An der Empa ist es Forschenden erstmals gelungen, die ungeordnete atomare Struktur von amorphem Aluminiumoxid mit hoher Genauigkeit zu modellieren. Das Material, bekannt als Al2O3, ist in der Natur als Mineral Korund sowie in Form von Saphir und Rubin verbreitet und findet in Elektronik, chemischer Industrie und technischer Keramik breite Anwendung. Besonders amorphes Aluminiumoxid wird wegen seiner einheitlichen Schutzbeschichtungen und ultradünnen Passivierungsschichten in High-Tech-Anwendungen geschätzt.

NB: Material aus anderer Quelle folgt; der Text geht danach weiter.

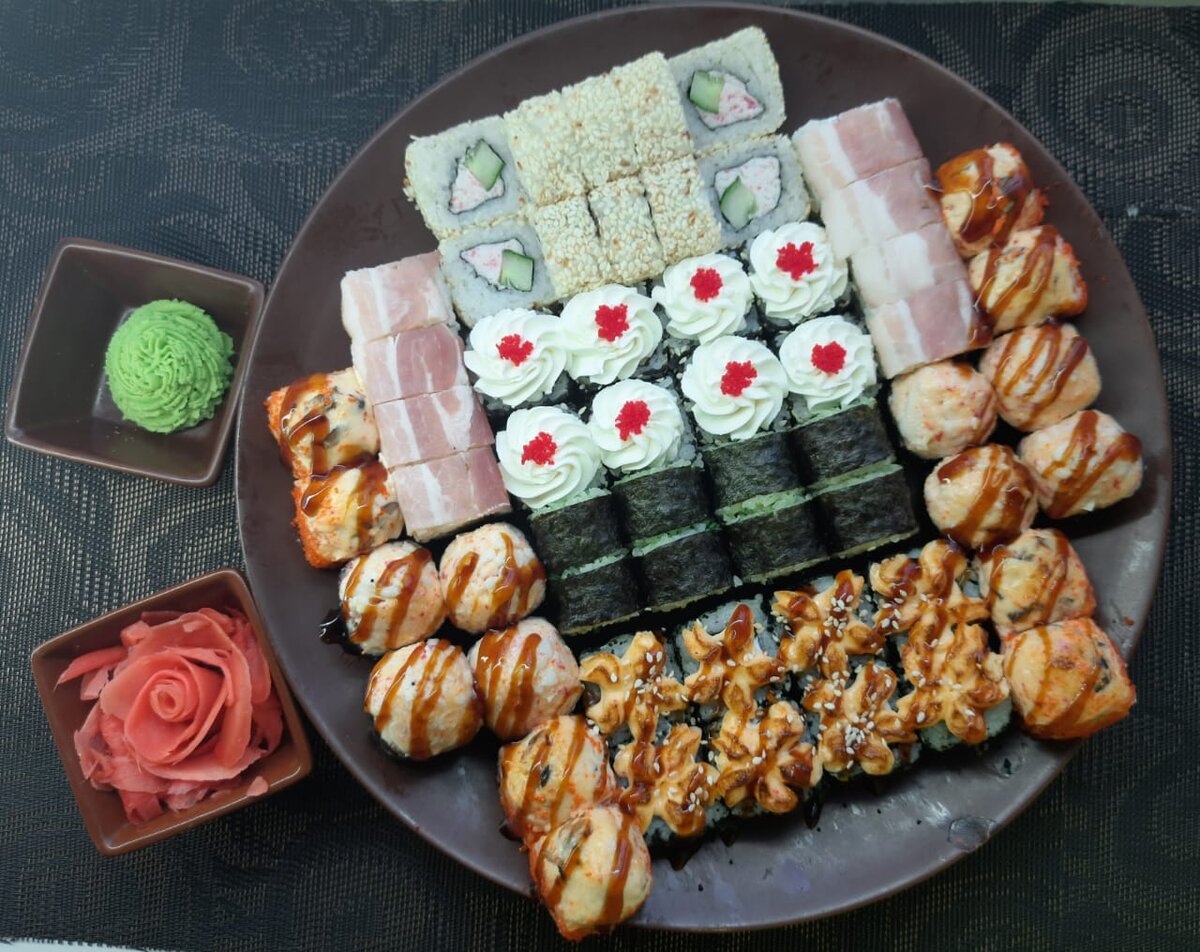 Заказать суши на дом в махачкале фото 72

Doch auf atomarer Ebene blieb es bislang ein Rätsel, da es keine regelmäßige, kristalline Struktur besitzt, was die Untersuchung und Modellierung erschwert. Unter der Leitung von Vladyslav Turlo vom Labor „Advanced Materials Processing“ in Thun entwickelte ein interdisziplinäres Team ein neues Modell, das experimentelle Daten, Hochleistungssimulationen und maschinelles Lernen kombiniert. Dieses Modell beschreibt die atomare Anordnung in amorphen Al2O3-Schichten.

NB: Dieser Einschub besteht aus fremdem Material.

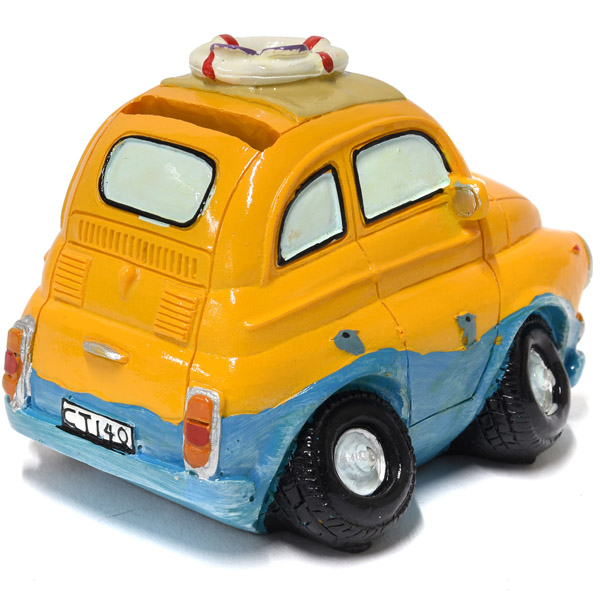 FIAT 500 Beach Coin Bank(Beach)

Für die Entwicklung wurden amorphe Dünnschichten mittels Atomlagenabscheidung hergestellt und in Zusammenarbeit mit den Empa-Laboren „Mechanics of Materials and Nanostructures“ und „Joining Technologies and Corrosion“ in Dübendorf untersucht. Eine besondere Herausforderung war die Berücksichtigung von Wasserstoffatomen, die je nach Herstellungsmethode im Material enthalten sind und dessen Eigenschaften beeinflussen.

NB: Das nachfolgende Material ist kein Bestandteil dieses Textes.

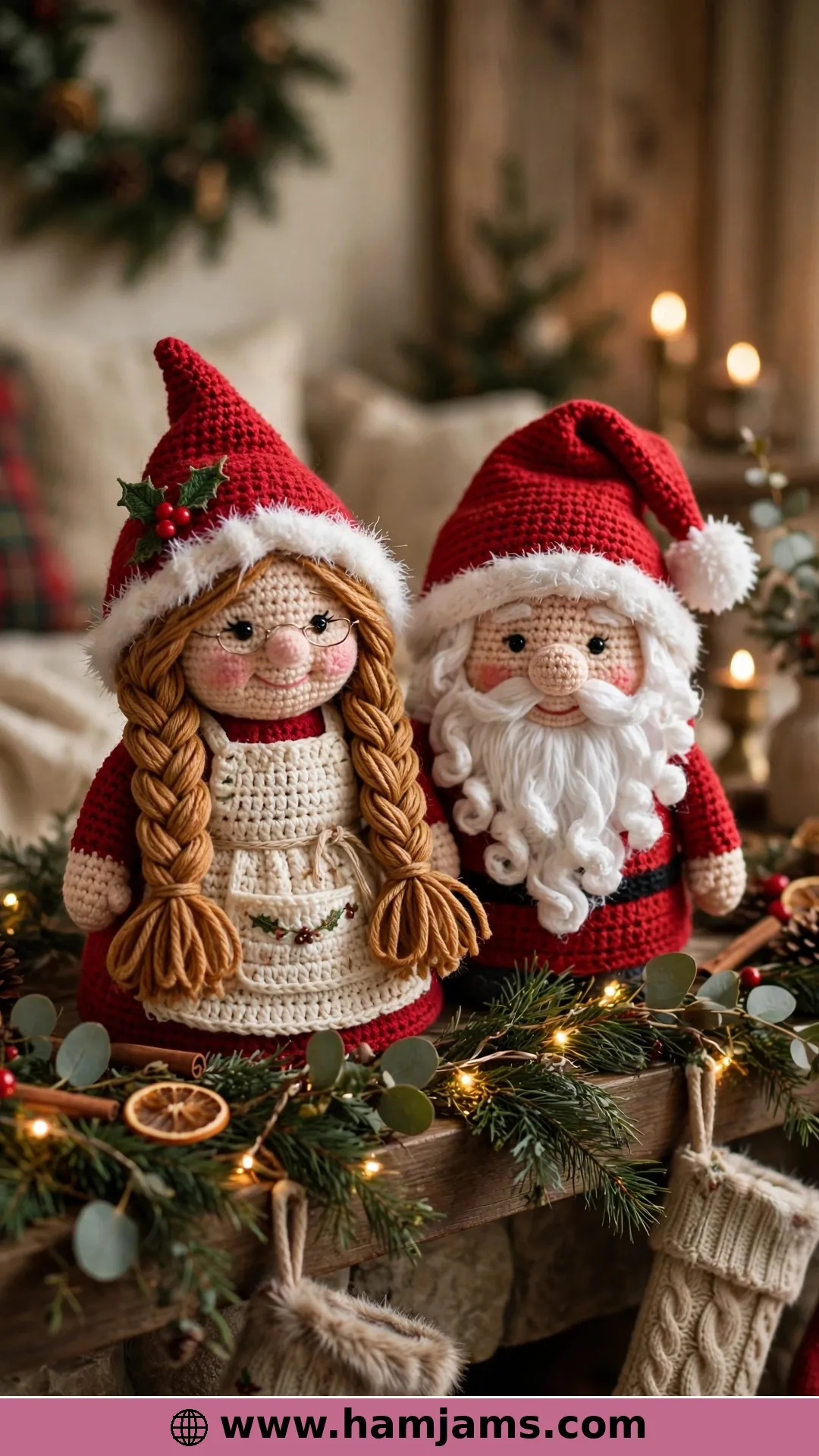 Mrs Claus the Gnome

Mit der innovativen Spektroskopiemethode HAXPES, die nur an der Empa verfügbar ist, konnte der chemische Zustand von Aluminium analysiert und die Verteilung des Wasserstoffs im Material abgeleitet werden. Dabei zeigte sich, dass Wasserstoff ab einem bestimmten Gehalt die Dichte des Materials verringert, indem er sich an Sauerstoff bindet.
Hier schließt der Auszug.